**What the task requires:**
Exactly and without additions, transcribe the line that contains "Kiri Outdoor Coffee Table Black large image" and every line after it in the data.

==== Task data ====

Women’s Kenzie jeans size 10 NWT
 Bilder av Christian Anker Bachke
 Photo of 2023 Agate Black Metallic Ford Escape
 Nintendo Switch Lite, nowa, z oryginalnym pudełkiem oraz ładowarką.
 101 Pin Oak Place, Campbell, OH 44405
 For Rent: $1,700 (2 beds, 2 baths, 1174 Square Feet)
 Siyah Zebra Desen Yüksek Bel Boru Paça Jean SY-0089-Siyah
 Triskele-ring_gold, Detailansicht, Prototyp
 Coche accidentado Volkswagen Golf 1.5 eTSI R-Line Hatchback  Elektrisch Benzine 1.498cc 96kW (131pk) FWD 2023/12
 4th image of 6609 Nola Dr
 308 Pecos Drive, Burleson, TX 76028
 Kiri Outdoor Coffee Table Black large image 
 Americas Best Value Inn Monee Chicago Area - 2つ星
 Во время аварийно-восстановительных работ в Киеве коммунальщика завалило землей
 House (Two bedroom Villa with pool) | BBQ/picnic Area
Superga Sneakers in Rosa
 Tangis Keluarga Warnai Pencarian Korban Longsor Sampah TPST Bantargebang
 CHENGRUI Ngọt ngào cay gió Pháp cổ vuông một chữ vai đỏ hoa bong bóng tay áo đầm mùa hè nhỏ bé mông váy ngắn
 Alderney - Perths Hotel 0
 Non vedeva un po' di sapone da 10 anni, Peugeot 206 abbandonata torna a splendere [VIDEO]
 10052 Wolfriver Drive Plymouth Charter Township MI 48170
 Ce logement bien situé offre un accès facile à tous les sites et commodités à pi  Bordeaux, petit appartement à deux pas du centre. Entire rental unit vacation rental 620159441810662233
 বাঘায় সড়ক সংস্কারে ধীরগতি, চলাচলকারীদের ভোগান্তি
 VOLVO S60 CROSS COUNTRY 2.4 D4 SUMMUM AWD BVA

====

**Solution to this problem:**
 Kiri Outdoor Coffee Table Black large image 
 Americas Best Value Inn Monee Chicago Area - 2つ星
 Во время аварийно-восстановительных работ в Киеве коммунальщика завалило землей
 House (Two bedroom Villa with pool) | BBQ/picnic Area
Superga Sneakers in Rosa
 Tangis Keluarga Warnai Pencarian Korban Longsor Sampah TPST Bantargebang
 CHENGRUI Ngọt ngào cay gió Pháp cổ vuông một chữ vai đỏ hoa bong bóng tay áo đầm mùa hè nhỏ bé mông váy ngắn
 Alderney - Perths Hotel 0
 Non vedeva un po' di sapone da 10 anni, Peugeot 206 abbandonata torna a splendere [VIDEO]
 10052 Wolfriver Drive Plymouth Charter Township MI 48170
 Ce logement bien situé offre un accès facile à tous les sites et commodités à pi  Bordeaux, petit appartement à deux pas du centre. Entire rental unit vacation rental 620159441810662233
 বাঘায় সড়ক সংস্কারে ধীরগতি, চলাচলকারীদের ভোগান্তি
 VOLVO S60 CROSS COUNTRY 2.4 D4 SUMMUM AWD BVA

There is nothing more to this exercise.